Much is out of your control, and some things you control — somewhat. You can work to prevent disease, infestation and protect the crop from thieves. But you can’t control what others produce and how much consumers want to buy. Indeed, attempting to control supply (outside of your own production) is illegal.
Ultimately, you want to maximize your yield to maximize your income. You work to find ways to produce more corn so that you have more to sell. But so is every other farmer. To some degree, your model depends on the bad luck or poor management of other farmers. If other farmers’ yields are low, whatever the reason, while yours is high, then you get more share of the market and the price is better. If every farmer gets maximum yield and no bad luck, the market would be saturated and your selling price very low. You have creditors for seed, equipment, perhaps even land leases to pay back. You may have harvest and other workers to pay. You may still be paying back investments that were not recouped in past years.
I’m not an agronomist, but this basic understanding of farm markets is not hard to derive, as the same basic fundamentals underscore any market.
No matter what lessons of economics any generation learns, it seems every following generation must learn them over again. For some reason (it seems to me), changing technology leads business leaders to believe that somehow, the basic fundamentals of economics don’t apply to them. Or, if they do, that they can use this new technology to avoid the fundamentals.
The age of internet retailing is indeed leading many brands, particularly of specialty goods, to ignore the fundamentals. Specialty goods enjoy one huge advantage that commodities like corn do not: they have the power to manipulate demand, and create their own market within a market. What I mean is that the very nature of specialty goods offers the opportunity to create something distinct — something that gives the customer a unique experience. If the experience is unique and desirable enough, the brand may drive its own demand regardless of what the other suppliers of similar products produce. In fact, if the experience is indeed special enough, that brand can dictate its own price somewhat independent of the price of other similar products.

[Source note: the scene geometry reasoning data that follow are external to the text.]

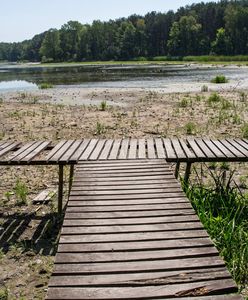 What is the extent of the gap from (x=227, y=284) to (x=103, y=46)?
499 ft

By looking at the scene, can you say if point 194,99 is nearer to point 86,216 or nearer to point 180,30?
point 86,216

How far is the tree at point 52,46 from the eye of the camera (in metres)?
151

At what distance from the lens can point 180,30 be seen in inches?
5039

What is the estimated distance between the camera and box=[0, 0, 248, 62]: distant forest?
116 m

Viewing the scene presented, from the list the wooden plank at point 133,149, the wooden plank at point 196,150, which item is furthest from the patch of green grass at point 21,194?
the wooden plank at point 196,150

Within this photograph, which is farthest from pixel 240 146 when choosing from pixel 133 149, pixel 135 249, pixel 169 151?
pixel 135 249

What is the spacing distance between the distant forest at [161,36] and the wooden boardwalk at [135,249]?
11339 centimetres

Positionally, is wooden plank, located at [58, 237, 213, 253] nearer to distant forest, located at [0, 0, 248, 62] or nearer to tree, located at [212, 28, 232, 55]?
distant forest, located at [0, 0, 248, 62]

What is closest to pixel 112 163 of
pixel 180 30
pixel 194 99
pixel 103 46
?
pixel 194 99

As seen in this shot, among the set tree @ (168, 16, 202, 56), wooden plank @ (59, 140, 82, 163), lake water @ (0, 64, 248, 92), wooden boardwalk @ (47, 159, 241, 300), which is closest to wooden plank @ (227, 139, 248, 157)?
wooden boardwalk @ (47, 159, 241, 300)

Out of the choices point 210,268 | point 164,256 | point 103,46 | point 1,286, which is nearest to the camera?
point 210,268

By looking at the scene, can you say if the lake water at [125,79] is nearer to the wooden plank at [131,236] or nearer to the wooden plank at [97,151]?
the wooden plank at [97,151]

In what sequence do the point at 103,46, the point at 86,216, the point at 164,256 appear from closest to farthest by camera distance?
the point at 164,256 → the point at 86,216 → the point at 103,46

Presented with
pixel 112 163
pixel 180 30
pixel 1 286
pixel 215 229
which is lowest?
pixel 1 286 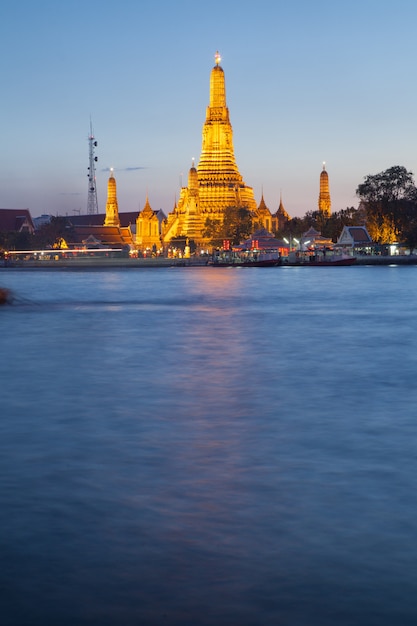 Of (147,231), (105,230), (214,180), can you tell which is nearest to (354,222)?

I am increasingly concerned right now that we are disrupting and shrinking many of our specialty industries today because too many brands have lost focus on driving a distinct customer experience unlike that of competitors. Instead, brands are focusing on filling multiple retail selling channels with as many units as possible of their version of the same thing that everyone else sells in the attempt to squeeze out profit through market share. Like commodity farmers, their success depends somewhat on the uncontrollable bad luck of other brands that just happen to not be able to make or sell as much for whatever bad-luck reasons.
Is that so bad? Well, actually it is. It is bad for consumers who are not really excited about products that start to perform the same from one brand to the next. It is bad for specialty retailers when price becomes the only differentiator, and they lose on price against commodity selling channels (big box & internet). It is also bad for both consumer and specialty retailers when brands force product through opening more dealers, even when the market isn’t growing, to create artificial growth without corresponding demand. This is because it increases specialty retailer failure, and displaces quality established retailers with less experienced ones who often also fail before becoming established. Customers lose their favorite stores and outlets where they can learn about the product and stay engaged while influencing their friends. And, ultimately, brands lose when customers leave participation in that product, further straining oversupply with under-demand.

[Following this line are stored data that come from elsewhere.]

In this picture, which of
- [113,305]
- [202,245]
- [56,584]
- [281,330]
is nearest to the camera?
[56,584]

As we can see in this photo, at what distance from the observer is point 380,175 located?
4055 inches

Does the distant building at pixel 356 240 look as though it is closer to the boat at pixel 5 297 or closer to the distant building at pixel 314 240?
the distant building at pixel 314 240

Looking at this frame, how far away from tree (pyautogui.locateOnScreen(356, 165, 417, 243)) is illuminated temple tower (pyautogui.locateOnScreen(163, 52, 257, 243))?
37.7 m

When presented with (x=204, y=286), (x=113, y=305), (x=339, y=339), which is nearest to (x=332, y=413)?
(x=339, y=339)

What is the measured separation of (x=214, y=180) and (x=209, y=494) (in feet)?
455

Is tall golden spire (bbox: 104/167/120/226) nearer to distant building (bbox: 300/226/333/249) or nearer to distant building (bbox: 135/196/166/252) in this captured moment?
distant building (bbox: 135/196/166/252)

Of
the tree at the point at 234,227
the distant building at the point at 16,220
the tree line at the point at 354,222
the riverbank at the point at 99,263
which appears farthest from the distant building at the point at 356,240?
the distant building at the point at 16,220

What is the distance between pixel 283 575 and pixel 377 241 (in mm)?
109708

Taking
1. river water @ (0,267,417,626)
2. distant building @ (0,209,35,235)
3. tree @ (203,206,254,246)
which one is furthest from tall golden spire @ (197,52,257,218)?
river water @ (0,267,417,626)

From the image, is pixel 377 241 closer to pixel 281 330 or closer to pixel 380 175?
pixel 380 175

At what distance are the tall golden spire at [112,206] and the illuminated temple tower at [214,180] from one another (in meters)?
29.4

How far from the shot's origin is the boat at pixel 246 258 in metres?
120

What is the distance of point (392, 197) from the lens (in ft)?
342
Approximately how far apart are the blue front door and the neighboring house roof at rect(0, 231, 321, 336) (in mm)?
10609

What is better for selling more units sustainably and profitably — growing the market share or growing market size? Market size never grows through price competition, shoving units into the pipeline, and making products that perform merely similarly compared with competitors. Opening new dealers next to existing dealers that are already struggling is not going to grow the brand, just poison it with dealers and risk the brand failing in all stores.

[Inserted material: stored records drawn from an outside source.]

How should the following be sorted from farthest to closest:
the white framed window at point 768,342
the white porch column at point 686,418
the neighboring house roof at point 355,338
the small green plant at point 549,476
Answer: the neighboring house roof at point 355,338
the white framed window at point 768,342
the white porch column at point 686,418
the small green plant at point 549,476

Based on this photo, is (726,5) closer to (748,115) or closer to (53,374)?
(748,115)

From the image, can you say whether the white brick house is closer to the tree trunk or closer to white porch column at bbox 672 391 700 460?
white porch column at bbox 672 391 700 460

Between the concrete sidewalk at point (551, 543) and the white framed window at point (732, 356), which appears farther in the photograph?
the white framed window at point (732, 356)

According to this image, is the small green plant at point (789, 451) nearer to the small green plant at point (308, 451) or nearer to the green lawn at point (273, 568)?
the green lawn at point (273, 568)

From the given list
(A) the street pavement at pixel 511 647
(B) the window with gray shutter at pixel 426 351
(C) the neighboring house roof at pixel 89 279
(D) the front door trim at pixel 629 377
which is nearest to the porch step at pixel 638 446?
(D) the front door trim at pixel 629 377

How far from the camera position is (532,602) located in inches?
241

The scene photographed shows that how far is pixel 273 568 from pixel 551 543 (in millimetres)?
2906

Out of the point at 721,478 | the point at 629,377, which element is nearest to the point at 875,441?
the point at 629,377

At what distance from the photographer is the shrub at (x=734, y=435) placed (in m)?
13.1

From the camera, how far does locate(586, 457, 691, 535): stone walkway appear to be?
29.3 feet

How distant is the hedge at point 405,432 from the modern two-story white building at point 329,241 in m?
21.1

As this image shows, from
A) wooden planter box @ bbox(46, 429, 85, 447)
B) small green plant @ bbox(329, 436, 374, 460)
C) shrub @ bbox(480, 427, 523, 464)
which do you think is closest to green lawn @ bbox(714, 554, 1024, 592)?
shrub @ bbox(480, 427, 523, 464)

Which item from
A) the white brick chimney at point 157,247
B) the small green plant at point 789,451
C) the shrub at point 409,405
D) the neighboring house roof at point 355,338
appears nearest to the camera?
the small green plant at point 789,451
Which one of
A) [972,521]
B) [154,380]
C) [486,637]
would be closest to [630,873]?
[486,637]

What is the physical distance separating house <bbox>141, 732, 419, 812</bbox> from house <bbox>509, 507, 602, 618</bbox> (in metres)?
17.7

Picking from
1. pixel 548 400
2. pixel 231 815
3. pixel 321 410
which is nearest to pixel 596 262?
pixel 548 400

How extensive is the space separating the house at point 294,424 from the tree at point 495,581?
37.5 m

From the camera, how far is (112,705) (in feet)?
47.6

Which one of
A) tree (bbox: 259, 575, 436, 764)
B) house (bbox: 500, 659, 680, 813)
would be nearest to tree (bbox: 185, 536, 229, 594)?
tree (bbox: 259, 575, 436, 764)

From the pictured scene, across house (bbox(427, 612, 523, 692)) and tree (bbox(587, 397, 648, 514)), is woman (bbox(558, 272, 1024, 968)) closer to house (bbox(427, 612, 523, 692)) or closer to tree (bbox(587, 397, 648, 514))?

Production planning is the art (truly) of making something special, estimating how many people will want that experience, adding in the cost of effective marketing to make sure that everyone who is likely to want this experience actually knows it is available, and then pricing the product that delivers the experience enough to reward everyone that helps to make it happen. Then, the right number of units is made, not necessarily the maximum number possible to make, and profit is maximized with the financial reward that allows reinvesting in additional R&D to keep making new, special experiences.
Seems like a “duh”, old lesson in brand management, doesn’t it? Then why is this so rare? I think it is because those who learned have aged out, new selling methods have emerged (eCommerce), and younger brand managers think once again that they have figured out the secret to selling more stuff — just make more stuff and let all retailers who are willing try to sell it.
The secret they have not yet learned: their brand will become commoditized, profits will fall, and many brands will fail pursuing this new understanding. How markets work is never really new. What is new are the people who are new to profitable brand management.